Caixin
Oct 20, 2021 07:47 PM
TECH

Xpeng-Backed Flying Car Startup Gets Bumper Series A Investment

A Xpeng flying car on display Monday at a store in Nanjing, East China’s Jiangsu province. Photo: VCG
A Xpeng flying car on display Monday at a store in Nanjing, East China’s Jiangsu province. Photo: VCG

The lack of clear regulations for the use of air taxis in China has not fazed investors in HT Aero, an Xpeng-backed Chinese startup that develops electric vertical take-off and landing (eVTOL) vehicles, which have poured more than $500 million into the firm in a series A funding round.

Proceeds from the round, led by IDG Capital, 5Y Capital and Tesla wannabe Xpeng Inc., will be used to obtain an airworthiness certificate from regulators, boost research and development capabilities and recruit top talent, HT Aero founder and President Zhao Deli said in a statement Tuesday. Several other investors also participated in the round, including Sequoia China, Eastern Bell Capital, GGV Capital, GL Ventures and Yunfeng Capital.

The Guangzhou-based company did not disclose its valuation after the funding, which it said is the largest to date in the sector in Asia, in what is billed as a trillion-dollar market.

The fundraising effort comes as 8-year-old HT Aero, which has never sold a vehicle, delves into a new-generation model capable of running on roads and flying at low altitude, which is expected to be rolled out in 2024, according to Zhao. HT Aero, previously called Xpeng Heitech, is majority owned by Xpeng and its Chairman He Xiaopeng.

Since its inception in 2013, HT Aero has launched three models, with the latest one, called Xpeng X2, being rolled out earlier this year, according to its website. The firm said the drone-like two-seat X2 can fly at up to 130 kph at a height of 1,000 meters, is able to automatically take off and land in certain circumstances. However, a source at affiliate Xpeng said HT Aero has not officially started selling its products.

Unlike most eVTOL developers that mainly sell their products to corporate clients engaged in air taxi services, HT Aero said it is considering developing flying vehicles for individual consumers, which means it would need to overcome a range of hurdles including obvious safety issues, individual licensing and a lack of regulations on personal use of such vehicles.
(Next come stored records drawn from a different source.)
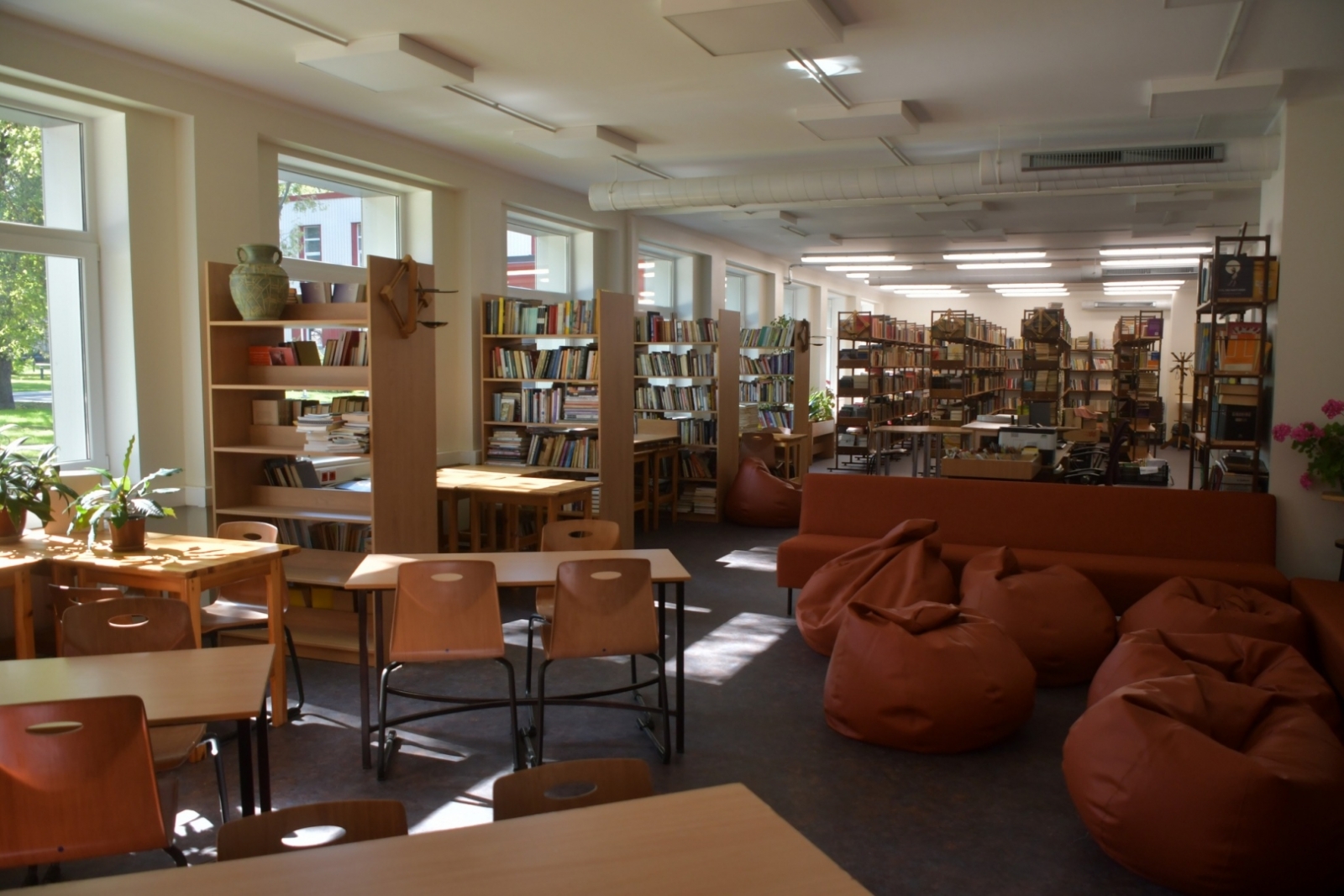 Jēkabpils Valsts ģimnāzijas bibliotēka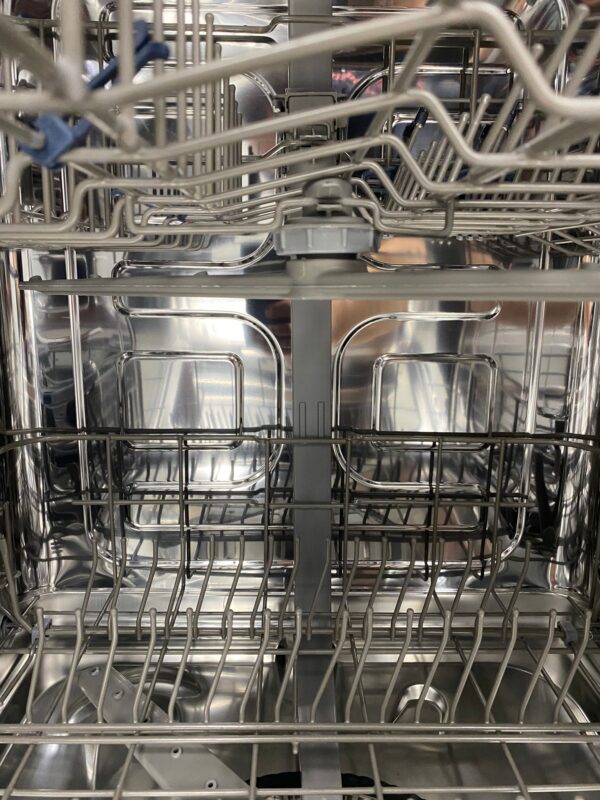 Used Samsung 24" Built-In Dishwasher DW80K2021US/AC For Sale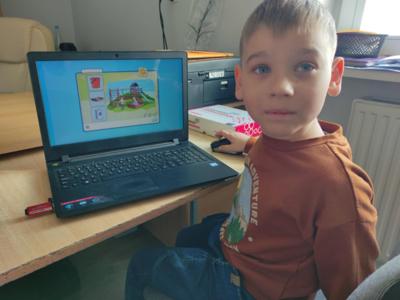 Chłopiec przy laptopie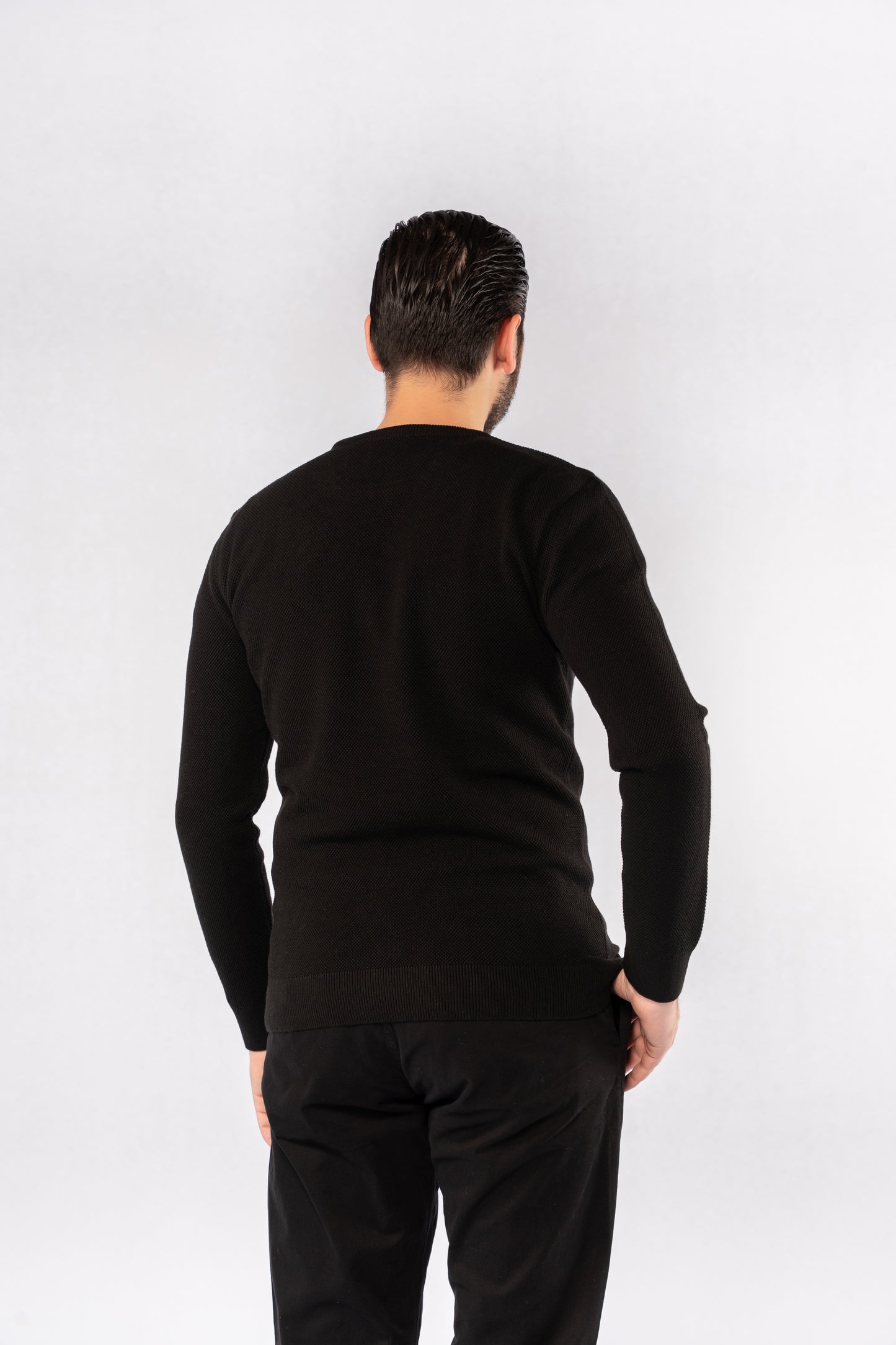 BLACK ROUND NECK PIQUET SWEATER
At present, most flying-car makers deploy their vehicles on fixed-flight routes and remotely monitor and control them through their ground control centers. 

Zhao has previously said that HT Aero was planning to build ground-based facilities for the monitoring, remote control and operations of its flying cars, which the company says can be used for passenger transportation, aerial sightseeing, police patrols and emergency rescue. 

The move is similar to larger domestic rival EHang Holdings Ltd., which in April announced a decision to treat the operations of its own air mobility platforms equally as importantly as selling its self-flying vehicles to third-party clients. U.S.-listed EHang’s inclination toward a platform-oriented business model comes as it struggles to turn a profit from purely selling its products. The company said that it sold only three EHang 216 autonomous aerial vehicles in the second quarter of this year, compared with 16 in the same period last year.

Also, U.S.-based eVTOL developer Joby Aviation Inc., which is widely recognized as being closest to commercializing flying cars, has announced plans to establish an airline company to operate its own flying vehicles. Joby was taken public on the New York Stock Exchange in August through a “blank check” merger.

The fundraising by HT Aero reflects Xpeng’s increasing confidence in the future of the urban air mobility (UAM) market, which consulting firm Morgan Stanley predicted will be worth $1.5 trillion by 2040. “The investment in HT Aero will further accelerate the build-up of our ecosystem to integrate driving and flying,” Xpeng Chairman and CEO He said in a statement.

However, the UAM ambitions are far from becoming a reality as governments around the world are still in the process of studying the safety standards for flying cars, with no manufacturer yet obtaining an airworthiness certificate.